I have a question about the semantics of the “urem a b” IR instruction when “a/b” is not representable.

The language reference states that “This instruction returns the unsigned integer remainder of a division.
This instruction always performs an unsigned division to get the remainder.”

It does not specify what it returns in if a/b is not representable. For example “udiv” definition says:
“If the exact keyword is present, the result value of the udiv is a poison value
if %op1 is not a multiple of %op2 (as such, “((a udiv exact b) mul b) == a”).”

So it is internally calling “exact udiv”, the poison value returned by it will cause “udev” return value to be a poison.
However, if it is not using “exact,” I am not sure what the result would be.

Could somebody clarify the intended semantics or “urem” for me? Thanks!
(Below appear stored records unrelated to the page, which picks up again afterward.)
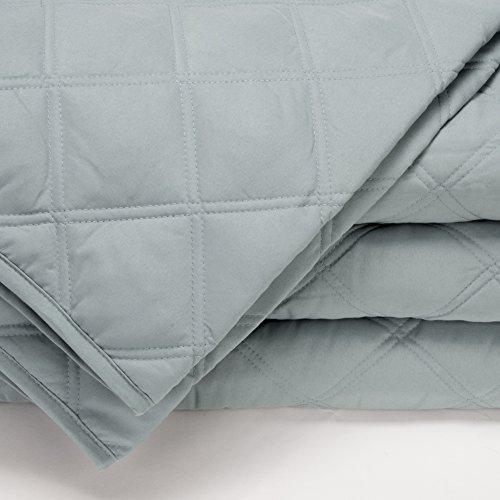 SPOSH POSH SPA LINENS Sposh Quilted Blankets (Agate Blue, Queen)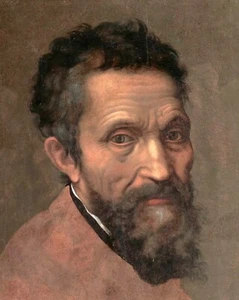 FOTO IMPRESA BRILLANTE 8X10 OBRA DE ARTE MICHELANGELO - Imagen 1 de 1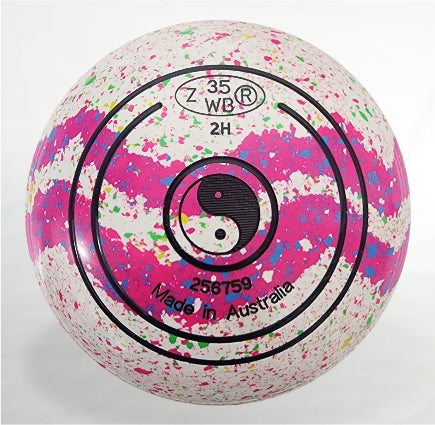 Dynamic Size 2 Grip Plain Swirl Orchid Raspberry Yinyang Date stamp 35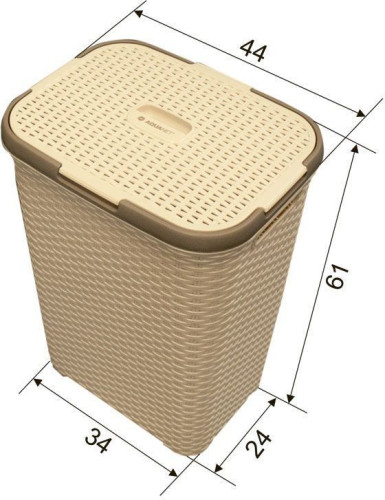 Корзина для белья Aquanet VD043, бежевый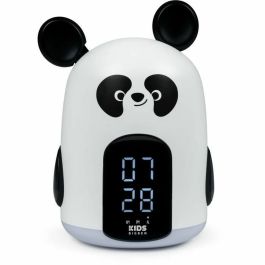 Reloj Despertador Bigben Blanco/Negro Oso Panda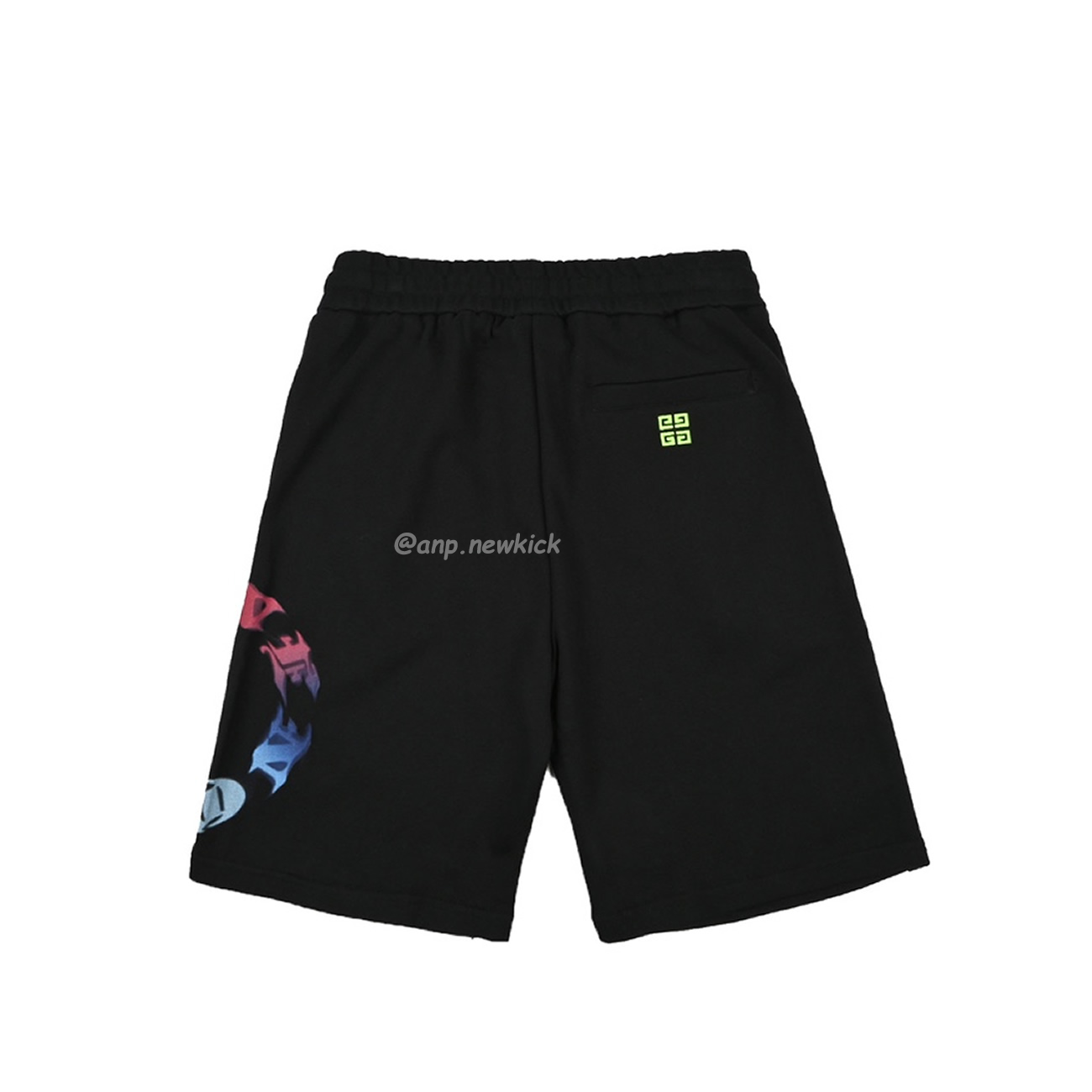 Givenchy Logo Colorful Printed Logo Capris (2) - www.newkick.vip Givenchy Logo Colorful Printed Logo Capris (2) - www.newkick.vip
The definition of urem is referring to a non-exact udiv. (An "exact"
urem would not be a very interesting function, since it would always
return either 0 or some kind of undef/poison value.) Non-exact udiv
rounds the result down (towards 0) to the next integer. I see that
this is not explicitly mentioned in the langref, though it does say it
returns the "unsigned integer quotient of the two operands", and
wikipedia says that the quotient "is commonly referred to as the
integer part of a division (in the case of Euclidean division)":

Personally I think this is still a bit obscure, and it would be better
to explicitly say that it rounds down.